[What to do]:
Copy the lines word for word. Begin at the line that contains "Aerial drone view" and end with the final line of the data.

[Materials provided]:

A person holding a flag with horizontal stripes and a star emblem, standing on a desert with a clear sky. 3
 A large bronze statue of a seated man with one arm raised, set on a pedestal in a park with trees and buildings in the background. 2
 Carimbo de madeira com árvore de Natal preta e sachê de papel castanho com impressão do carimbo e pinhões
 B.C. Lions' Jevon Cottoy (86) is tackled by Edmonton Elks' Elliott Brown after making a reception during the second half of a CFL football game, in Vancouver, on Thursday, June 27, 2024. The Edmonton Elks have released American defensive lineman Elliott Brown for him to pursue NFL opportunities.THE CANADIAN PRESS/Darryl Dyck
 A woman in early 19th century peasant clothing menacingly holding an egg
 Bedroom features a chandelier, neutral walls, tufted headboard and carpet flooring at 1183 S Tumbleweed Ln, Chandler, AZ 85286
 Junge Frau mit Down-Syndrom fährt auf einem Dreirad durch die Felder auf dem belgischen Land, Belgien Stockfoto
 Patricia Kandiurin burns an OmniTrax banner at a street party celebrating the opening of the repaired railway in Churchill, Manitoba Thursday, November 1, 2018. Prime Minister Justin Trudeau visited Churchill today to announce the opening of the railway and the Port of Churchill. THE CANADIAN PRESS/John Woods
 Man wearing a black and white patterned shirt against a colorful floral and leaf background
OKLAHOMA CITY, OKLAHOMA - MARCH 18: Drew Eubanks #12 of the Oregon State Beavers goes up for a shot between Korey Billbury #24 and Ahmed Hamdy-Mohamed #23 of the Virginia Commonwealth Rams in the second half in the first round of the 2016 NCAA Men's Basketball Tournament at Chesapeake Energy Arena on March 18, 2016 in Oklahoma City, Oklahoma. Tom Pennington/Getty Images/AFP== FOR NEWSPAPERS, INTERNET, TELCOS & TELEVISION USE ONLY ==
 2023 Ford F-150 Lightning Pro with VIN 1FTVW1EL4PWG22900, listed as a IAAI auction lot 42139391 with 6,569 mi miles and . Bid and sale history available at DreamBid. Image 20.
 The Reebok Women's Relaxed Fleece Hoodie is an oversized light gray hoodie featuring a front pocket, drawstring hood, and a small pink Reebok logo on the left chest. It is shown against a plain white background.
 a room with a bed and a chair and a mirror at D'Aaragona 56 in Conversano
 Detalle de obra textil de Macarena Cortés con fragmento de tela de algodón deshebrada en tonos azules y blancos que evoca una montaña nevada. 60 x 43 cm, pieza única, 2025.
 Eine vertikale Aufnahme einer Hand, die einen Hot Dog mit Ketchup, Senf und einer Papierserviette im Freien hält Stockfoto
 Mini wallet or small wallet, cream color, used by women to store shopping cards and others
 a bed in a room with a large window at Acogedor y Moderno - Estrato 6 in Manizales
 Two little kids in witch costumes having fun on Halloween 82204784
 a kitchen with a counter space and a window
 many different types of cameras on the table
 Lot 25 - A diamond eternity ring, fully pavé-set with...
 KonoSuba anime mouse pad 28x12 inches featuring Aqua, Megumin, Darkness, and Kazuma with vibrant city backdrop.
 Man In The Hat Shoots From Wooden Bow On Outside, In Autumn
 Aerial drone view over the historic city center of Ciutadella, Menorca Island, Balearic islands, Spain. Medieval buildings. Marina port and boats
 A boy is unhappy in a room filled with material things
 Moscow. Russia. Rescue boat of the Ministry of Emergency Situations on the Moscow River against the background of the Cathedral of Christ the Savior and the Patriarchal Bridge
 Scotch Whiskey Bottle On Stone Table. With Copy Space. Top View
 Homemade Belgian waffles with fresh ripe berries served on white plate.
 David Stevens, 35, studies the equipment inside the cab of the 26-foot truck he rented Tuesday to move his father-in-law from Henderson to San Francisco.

[Output of the exercise]:
 Aerial drone view over the historic city center of Ciutadella, Menorca Island, Balearic islands, Spain. Medieval buildings. Marina port and boats
 A boy is unhappy in a room filled with material things
 Moscow. Russia. Rescue boat of the Ministry of Emergency Situations on the Moscow River against the background of the Cathedral of Christ the Savior and the Patriarchal Bridge
 Scotch Whiskey Bottle On Stone Table. With Copy Space. Top View
 Homemade Belgian waffles with fresh ripe berries served on white plate.
 David Stevens, 35, studies the equipment inside the cab of the 26-foot truck he rented Tuesday to move his father-in-law from Henderson to San Francisco.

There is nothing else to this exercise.